Eduardo Medina Mora, Mexico's ambassador to the United States, might be more of an independent-film type. The ambassador blasted Hollywood during a press conference at the National Press Club in Washington, D.C. on Friday for promoting what he said was a distorted image of his country. "Mexicans in the silver screen are usually portrayed as poor and uneducated at best, corrupt and violent at worst," he said, adding that the usual stereotypes of "drug traffickers and gardeners" glimpsed in movies produced by Hollywood studios didn't mention the contributions his countrymen have made to the United States.
Since becoming ambassador to the United States in January of this year, Medina Mora has urged American lawmakers to pass a version of immigration reform which would allow undocumented immigrants to reunite with their family in Mexico. He has treaded a careful line on the question, however, saying that the question is an internal matter for the United States to decide and that the voice of Mexico is heard among the many Hispanic groups already in the midst of the debate. "We haven't stopped letting our voice be heard with the logic of pursuing the best interest of Mexican citizens" he said in August, adding that his country "will not be as significant a provider of migrants as it was in the past".
In Washington on Friday, the ambassador said that the typecasting of his countrymen limited the range of roles which even the most talented and best-known Mexican actors could play. Not even Demian Bichir, who was nominated for an Oscar for his lead role in the 2011 drama "A Better Life", has been able to escape those stereotypes, Medina Mora said, pointing to Bichir's roles as a gardener and drug trafficker in the aforementioned film and "Savages". "I'm still eagerly waiting for the movie where Salma Hayek plays a Nobel Prize-winning chemist that teaches young Americans to create new forms of alternative energy," he said, according to Fox News Latino.

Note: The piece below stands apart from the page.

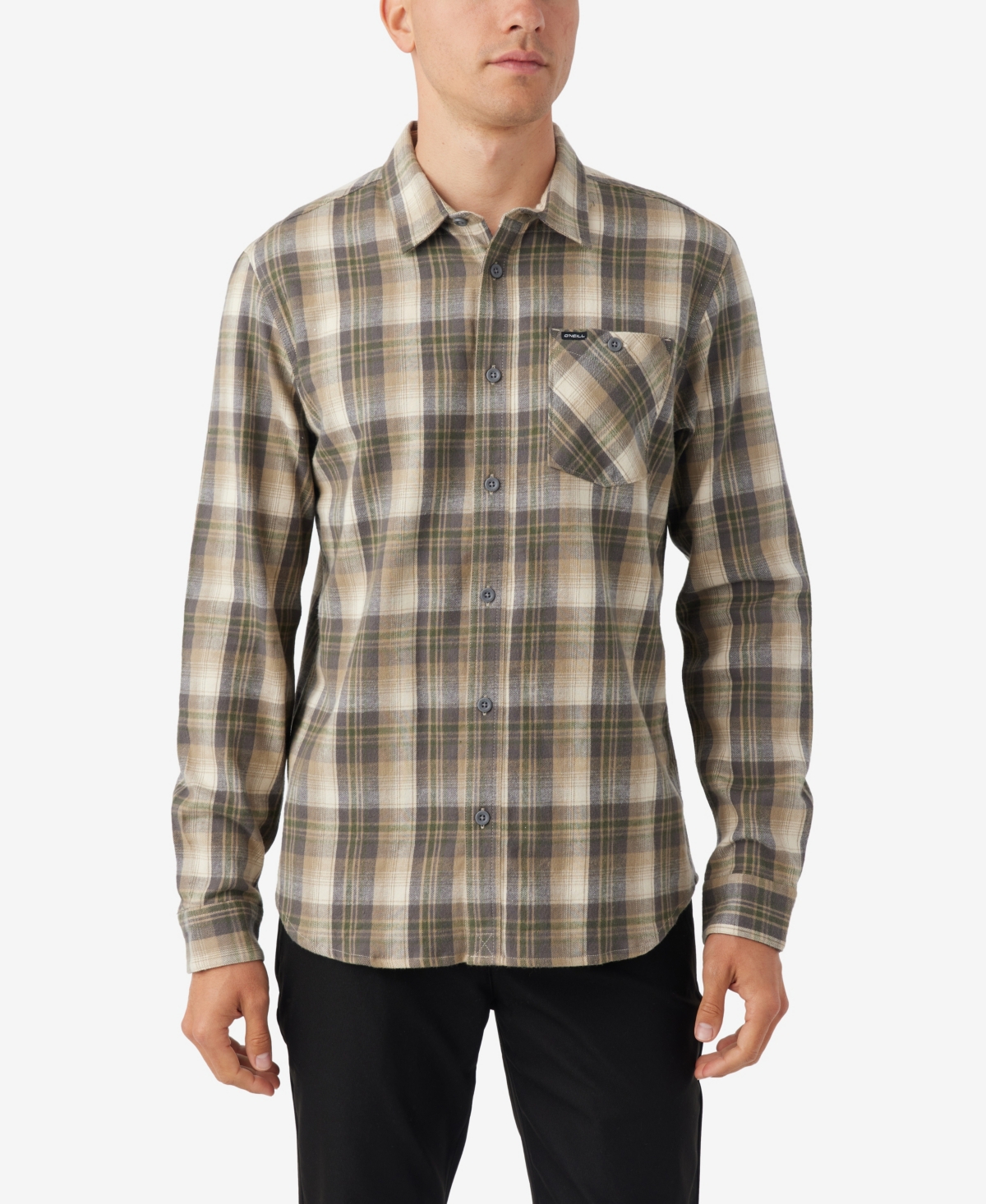 O'neill Men's Redmond Plaid Stretch Flannel Shirt In Khaki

The ambassador also warned that the importance of the stereotypes and myths that pervade Hollywood depictions of Mexican immigrants should not be overlooked, saying that "the American public, which consume those types of movies, will inevitably be influenced by them." He added that drug trafficking is a problem which affects other regions of the world other than Mexico and that portrayals of them as bad, criminal and corrupt were not only "racist", but "totally wrong".